▶ WHAT YOU NEED TO DO:
Begin your copy at the line holding "OXVA Xlim Top" and end it at the last line of the listing. Keep every line exact and leave out the pictures.

▶ EXERCISE MATERIALS:
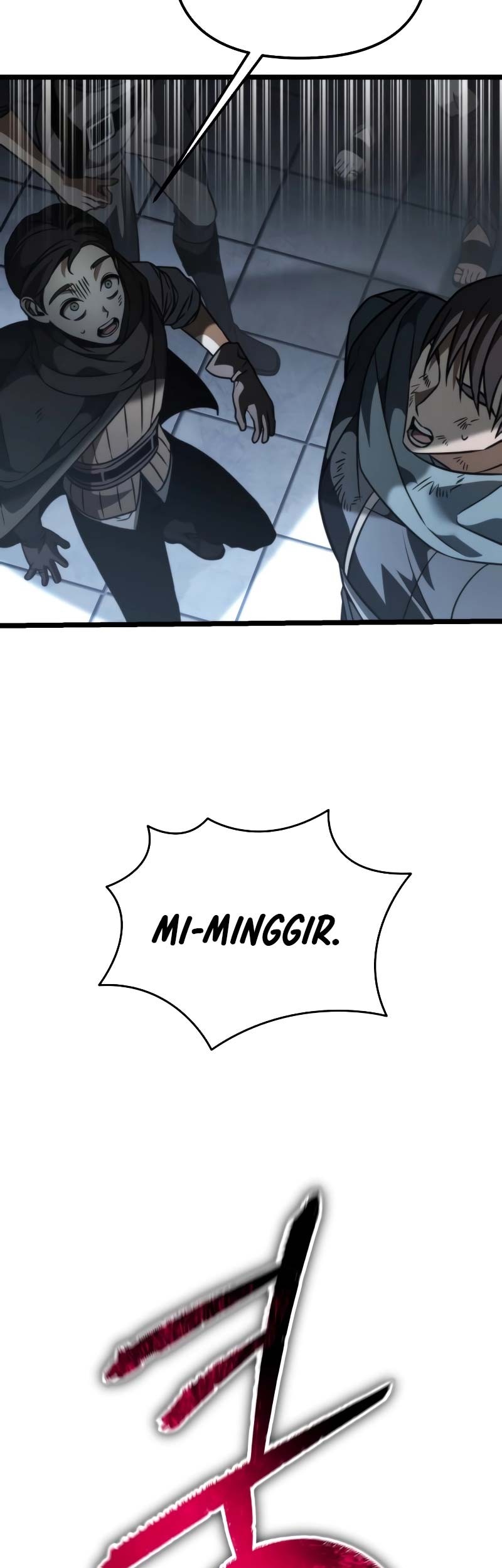 Reincarnator Chapter 45 Gambar 52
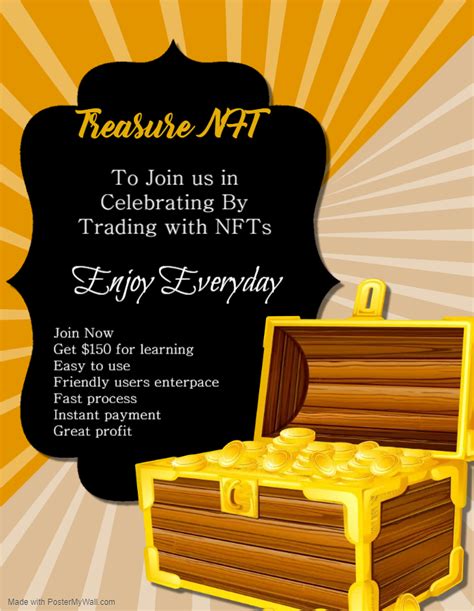 Treasure NFT - Karlakomorbebi - Medium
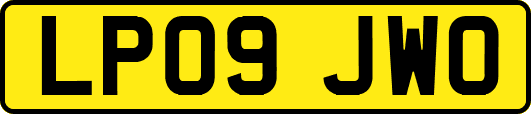 LP09JWO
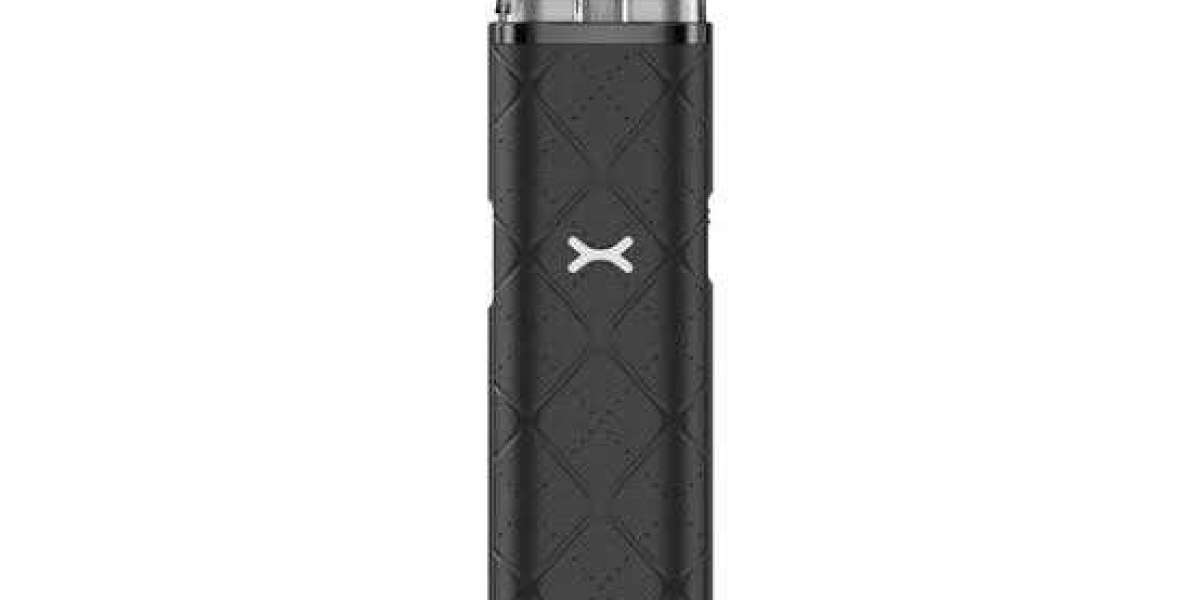 OXVA Xlim Top Fill Pods Cartridge for Convenient Everyday Vaping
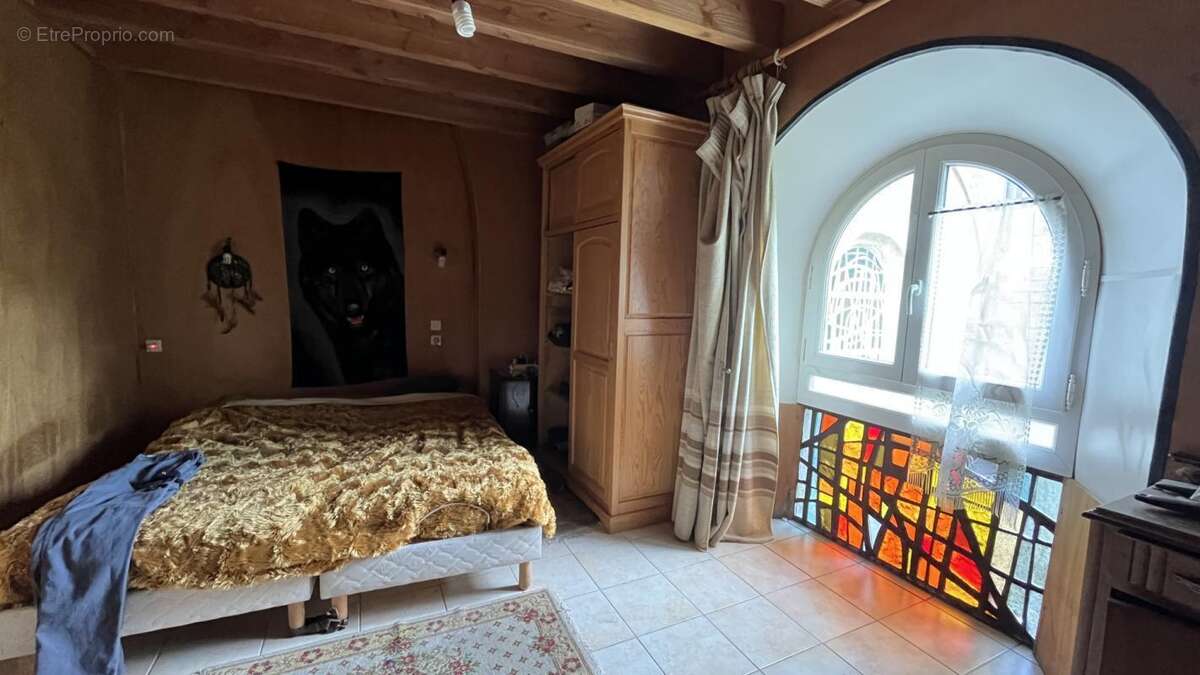 Maison à MONTCEAU-LES-MINES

▶ OUTPUT FOR THIS EXERCISE:
 OXVA Xlim Top Fill Pods Cartridge for Convenient Everyday Vaping
 Maison à MONTCEAU-LES-MINES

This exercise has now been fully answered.